Public works projects must be developed, owned, and maintained by public agencies. To be eligible for nomination, a project must have been “substantially completed” and available for public and/or agency use within two calendar years prior to nomination. If a project has multiple phases or segments, then “substantially completed” will be construed as that point when the final phase or segment is 90 percent completed and available for public and/or agency use.


Public Works Project of the Year award Recipients are chosen by a qualified panel of judges selected by the awards Committee.


Criteria to be used in the selection process include:

  1.  Use of good construction management techniques and completion of the project on schedule
  2.  Safety performance and demonstrated awareness of the need for a good overall safety program for workers and the public during and after construction, where applicable
  3.  Community relations as evidenced by efforts to minimize public inconvenience due to construction, safety precautions to protect public lives and property, provision of observation areas, guided tours, or other means of improving relations between agency and the public
  4.  Demonstrated awareness for the need to protect the environment. This includes any special considerations given to particular environmental concerns raised during the course of the project, as well as climate change and/or resiliency components for long-term community benefit
  5.  Unusual accomplishments under adverse conditions including, but not limited to age or condition of the facility, adverse weather, soil or other site conditions over which there is no control
  6.  Additional conditions deemed of importance to the public works agency, such as exceptional efforts to maintain quality control and, if value engineering is used, construction innovations as evidenced by time and/or money saving techniques developed and/or successfully utilized
  7.  Use of alternative materials, practices, or funding that demonstrates a commitment to sustainability, climate change resiliency, and/or use of sustainable infrastructure rating system or the equivalent.
Nomination Process

Nominations of projects can only be made by the managing agency. Submissions are limited to 20 pages. Please address each of the following areas in your nomination, adhering to the sequence above. No letters of recommendations, please.

Projects that receive a chapter Award will automatically be forwarded by the Awards Committee to the National APWA competition in time to meet the national deadline. Projects that do NOT receive a Chapter Award will still be considered for the National Competition and may also be forwarded on by the judges. Note that a project under consideration for a National Award may only be nominated once for recognition as “Project of the Year” under any category.

If your project is selected as a Chapter Award winner, you will be asked to provide a one-page Press Release, in electronic format, that clearly and concisely describes the project and its value to the community and highlights why the project is worthy of special recognition (innovative engineering, challenges faced, overall social impact, etc)
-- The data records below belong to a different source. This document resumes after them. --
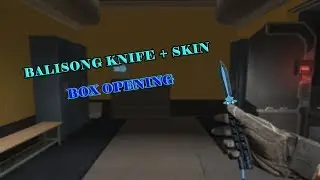 WARFACE -  Balisong Knife Box Opening (Butterfly Knife) + Skin Box Opening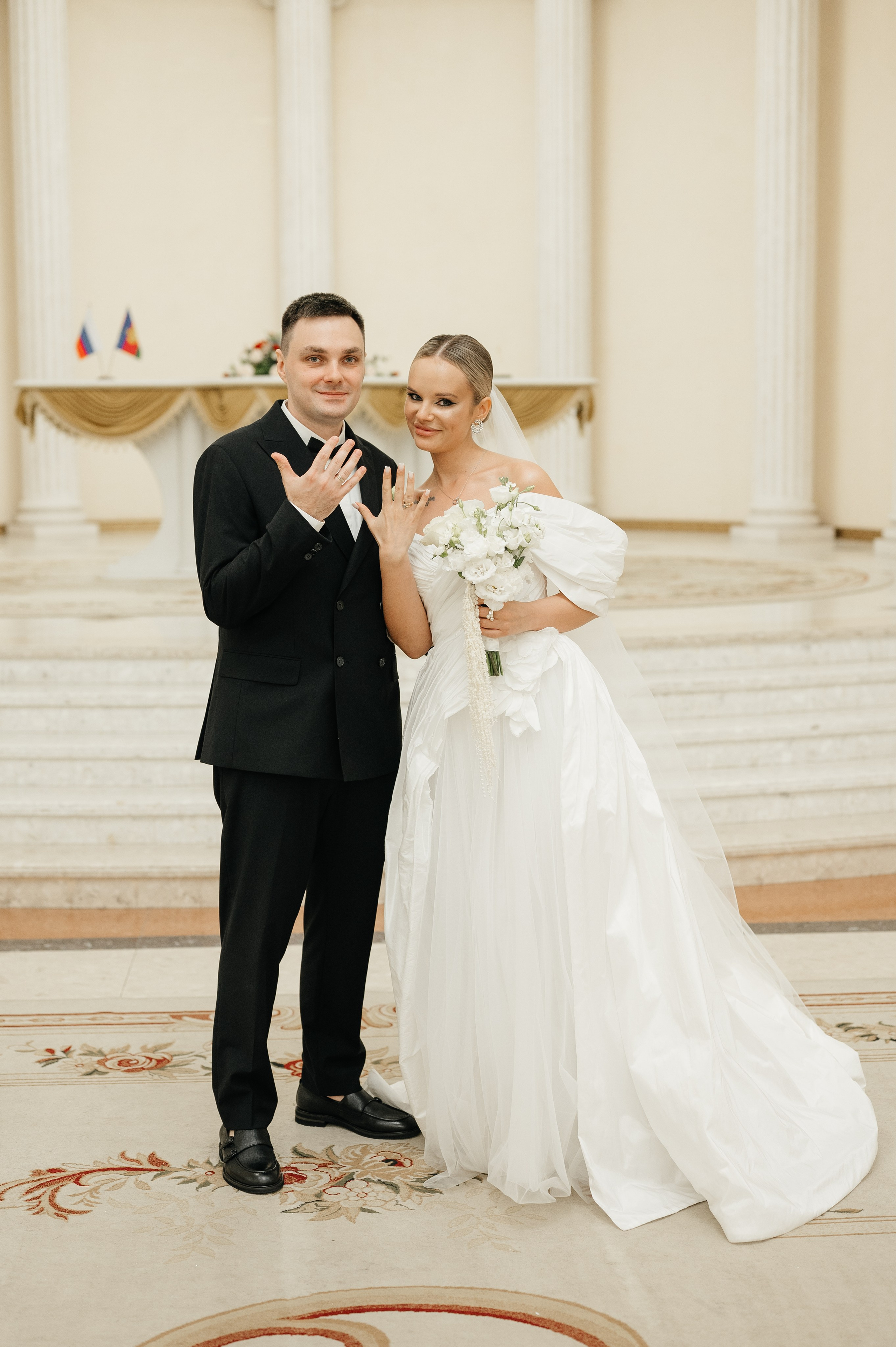 Сергей и Анастасия. Свадебный и семейный фотограф в Краснодаре Алина Мельник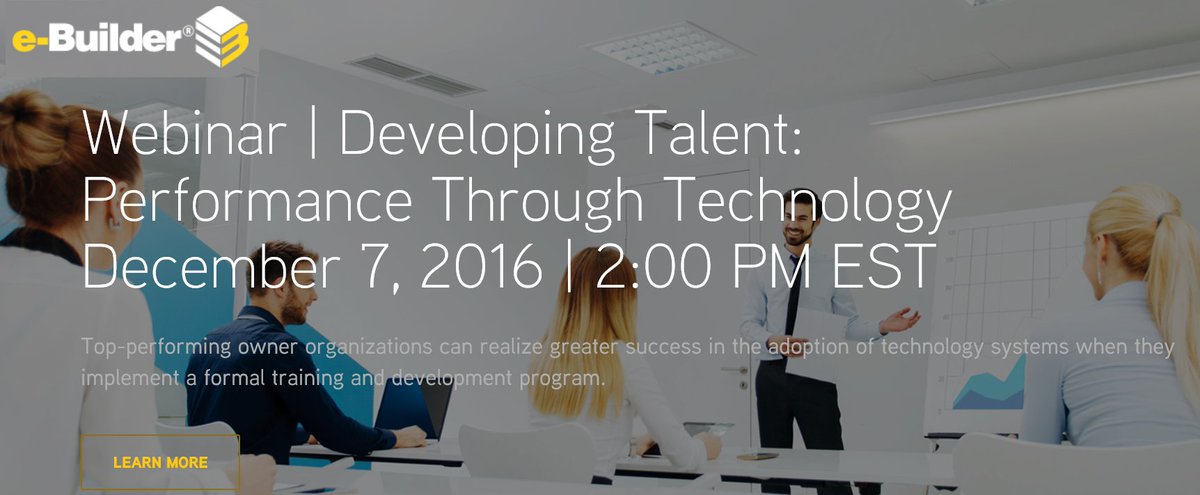 Trimble_ALM's tweet photo. Join us for a webinar to see how you can implement, manage and support a formal training and development program.  
https://t.co/51sQPxPmpP https://t.co/99SASO1smc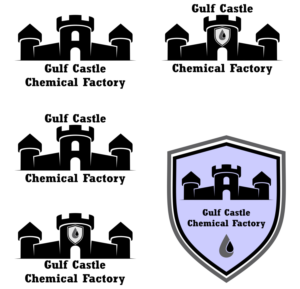Logo Design by Pavel ?. for Gulf Castle Chemical company | Design #18013743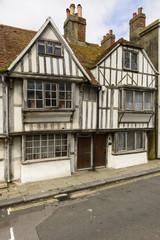 medieval wattle houses at Hastings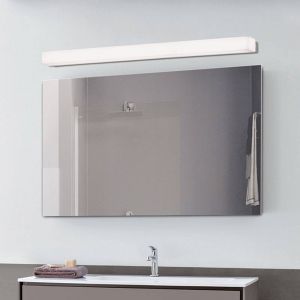 Boutica-design Applique Salle de Bain Box 1x15W LED Argent 3000K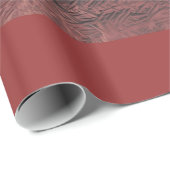 Red Frosty S'mores Snowman Cadeaupapier (Rol Hoek)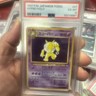 1997 Japanese Fossil Hypno Ex-MT 6 Holo Pokemon Card Vintage TCG Near Mint Swirl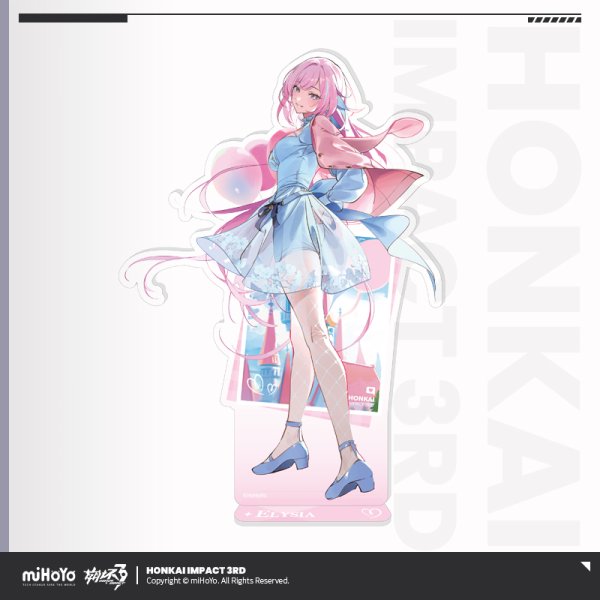 崩壊3rd HoYoland2024 アクリルスタンド - HAKUTEA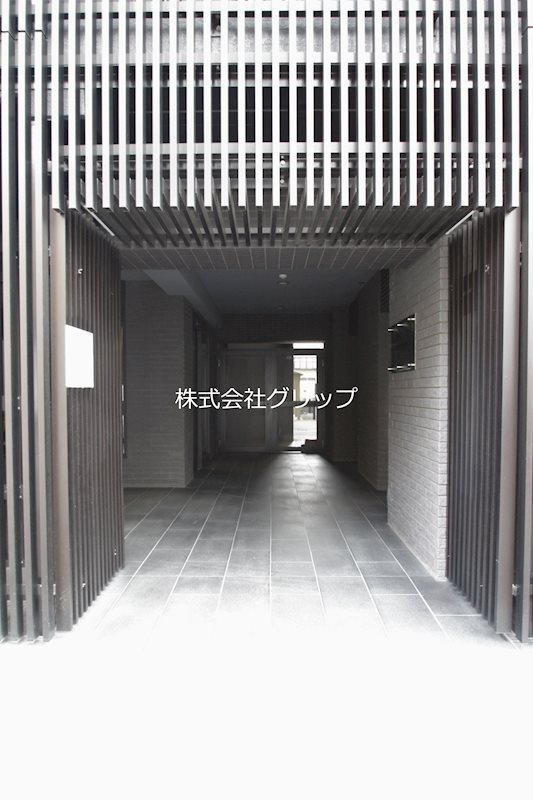 Le'a横濱ポートサイドのエントランス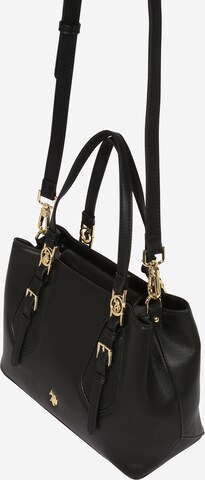 U.S. POLO ASSN. Handbag 'Forest' in Black: front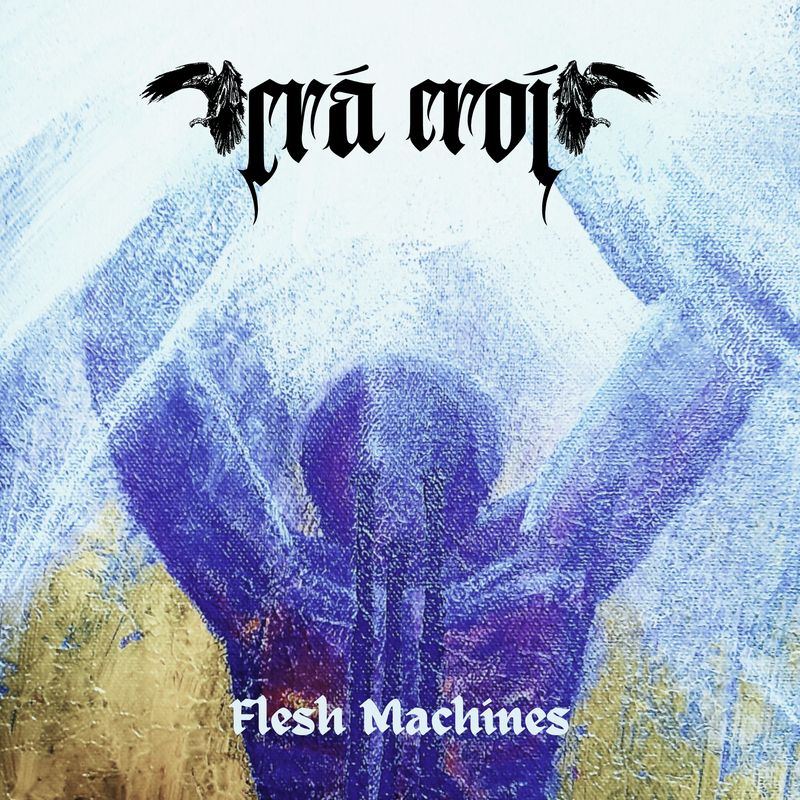 Organic and Synthetic Blur in Irish Post-Punk Duo Crá Croí’s Video for “Flesh Machines”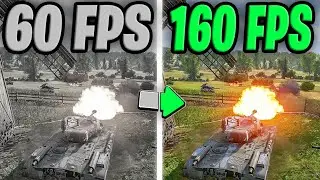 WORLD OF TANKS FPS BOOST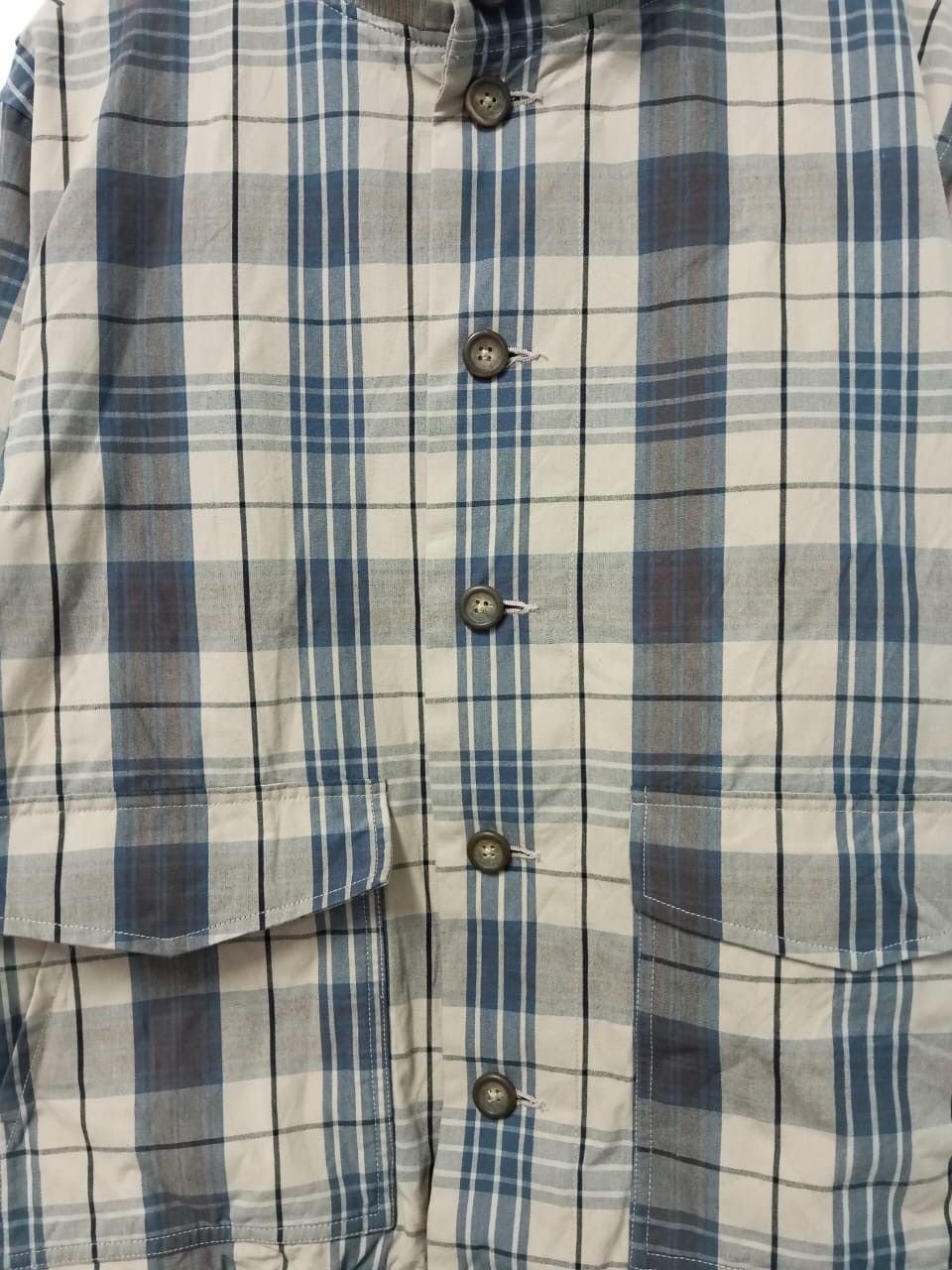 Vintage × Woolrich Woolen Mills A02 Vintage Woolrich Checkered Button Up Jacket Size US L / EU 52-54 / 3 - 14 Thumbnail
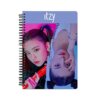 Adullam ITZY Kpop Notebook A5 Size (5.8 x 8.3 inches) | ITZY Notebook | ITZY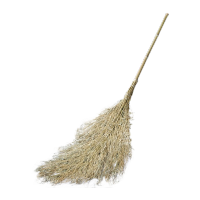 鸣固竹扫帚[竹杆把脱叶]扫地马路扫院子大扫把道路清洁专用高220cm*宽75cm5斤脱叶笤帚KS081407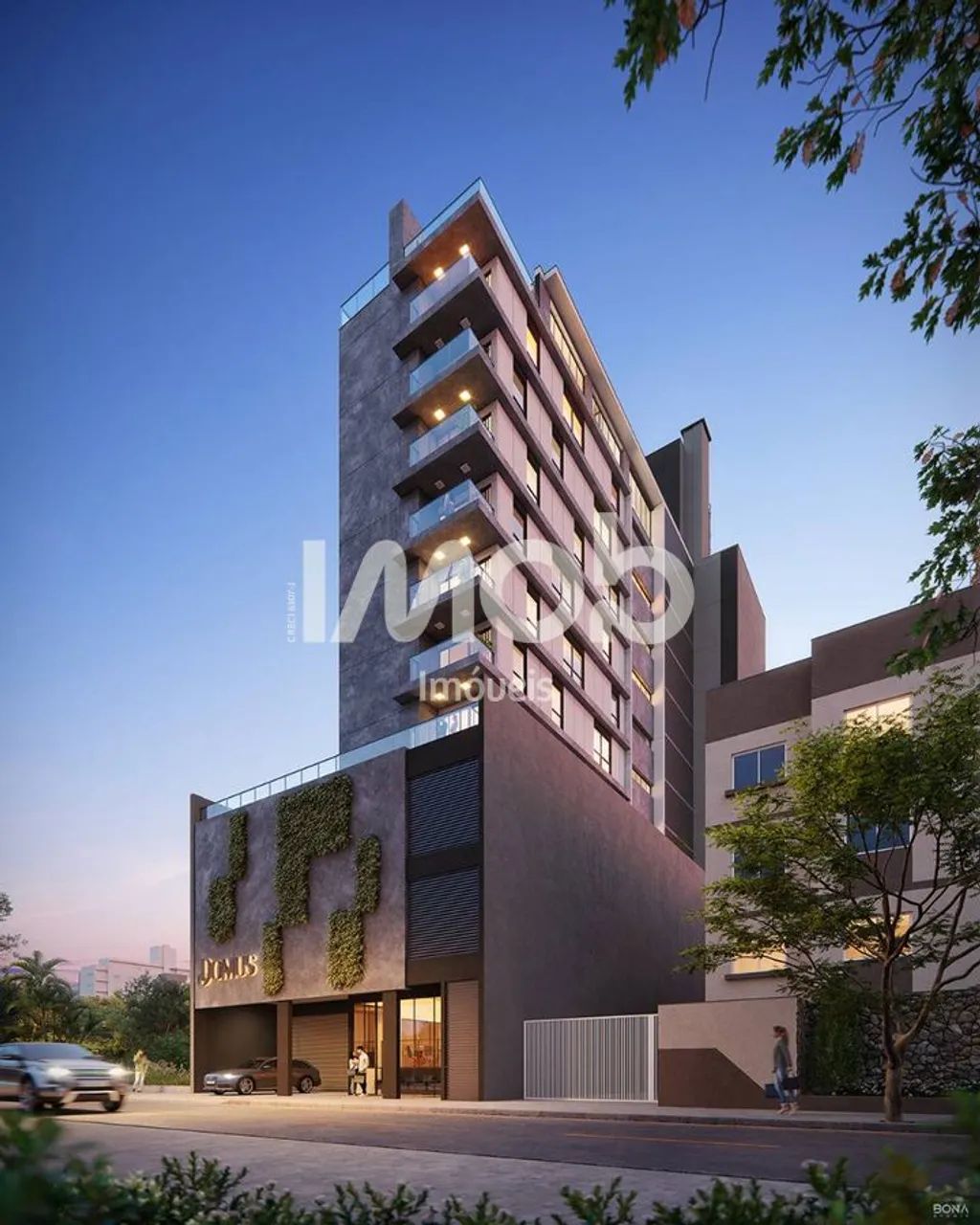 RESIDENCIAL DOMUS, COBERTURA COM SUÍTE + 2 QUARTOS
The submittal should be sent to Jennifer Barlas, Wisconsin Chapter Awards Chair at The nomination and supporting data forms are available on the Chapter website, Awards – APWA Wisconsin Chapter.


January 31, annually


A designated representative of the public agency, contractor, and consultant are presented a plaque at the Awards Recognition Ceremony during the annual APWA Wisconsin Chapter Spring Conference and winners are featured in APWA publications.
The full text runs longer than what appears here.